Following the end of World War II, Dr. Vannevar Bush wrote an article for the Atlantic Monthly in which he described the Memex (MEMory EXtension), a system that provided links between microfiche information to achieve “selection by association” in a manner likened to our minds. From this he envisioned new forms of “encyclopedias … ready made with associative trials” that mimic our thoughts.
In the years to come, key people in the development of the Internet read Dr. Vannevar’s article and it inspired them to create such as system. However, microfiche was not the means they would use.
1946. The ENIAC computer
The ENIAC was the first general purpose, fully electronic digital computer and it marked the beginning of the computer age. The ENIAC (Electrical Numerical Integrator and Calculator) was commissioned in 1943 by the US Army Ordnance to calculate World War II ballistic firing tables. Developers and inventors, J. Presper Eckert and John Mauchly, finished ENIAC in 1946, too late for World War II, but in time for the Cold War and many other peace-time purposes. The ENIAC was used continually until 1955 to calculate thermonuclear reactions in hydrogen bombs; help with weather prediction; and assist with cosmic-ray studies, thermal ignition studies, random-number studies and wind-tunnel designs.

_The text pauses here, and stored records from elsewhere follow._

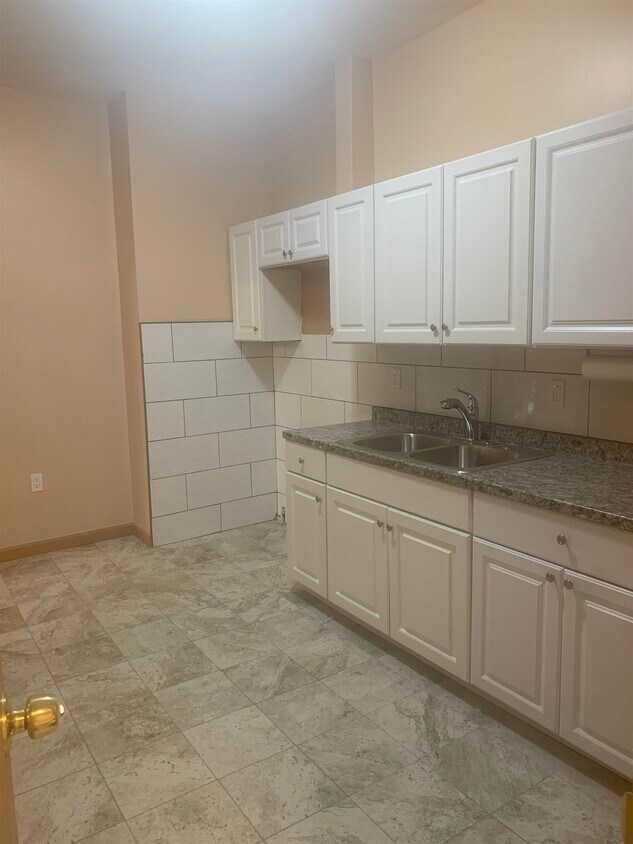 Foto principal - 414 Paterson Plank Rd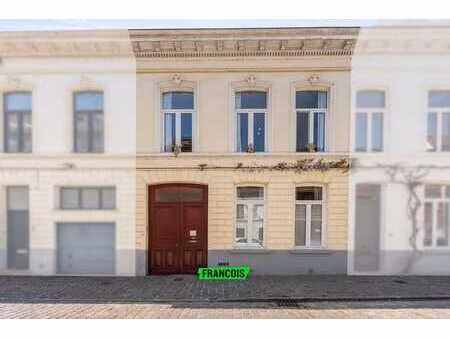 maison de ville unique avec atelier et studio à vendre à ga…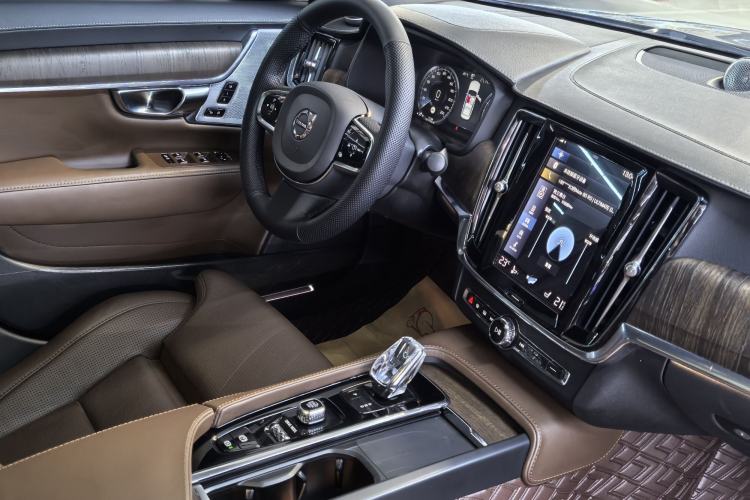 Used Volvo S90 2021 B5 Luxury Smart Edition Interior 8
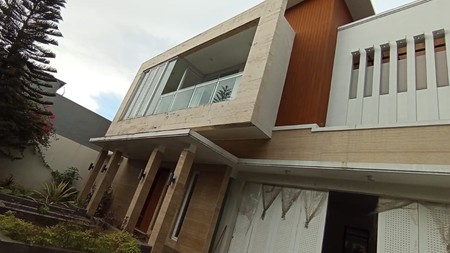 Brand new modern house in kemang jaksel.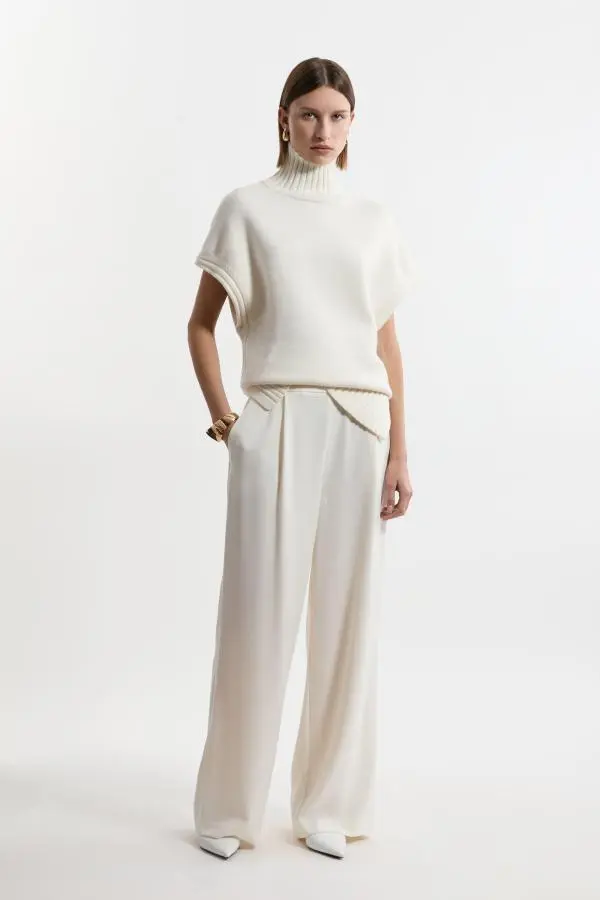 Tailored Crepe Essential Wide Leg Trouser - Ivory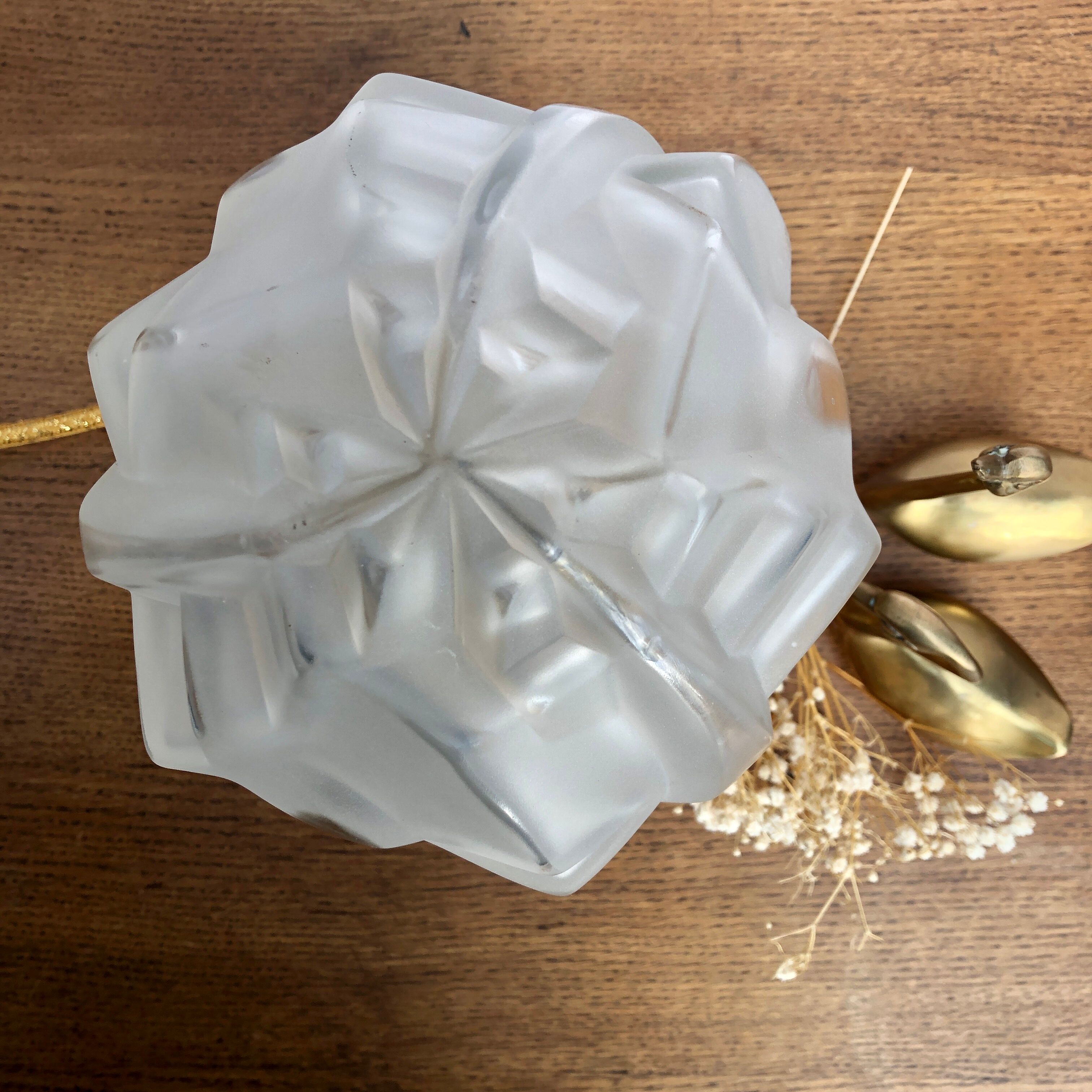 Vintage art deco globe installation lamp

The ENIAC was not the only computer of its day, but it was the first, general purpose machine to include most of the components and concepts of today’s digital computers. Designed for speed and reliability, the ENIAC depended entirely on vacuum tubes for its computations, 18,000 in fact. It required 170 kW to operate and could run for up to two days before a vacuum tube would burn out. You had to manually program the ENIAC with switches and wires, and the whole thing weighed 28-tons and had a foot-print of about 680 square feet.
Once again, many people didn’t really pay much attention to the ENIAC, after all it was just a mathematical machine used by the military; and the world was trying to get back on its feet after the war. And by the way, in July 5, 1946, the French fashion designer Jacques Heim first introduced the bikini — no wonder no one noticed a big computer.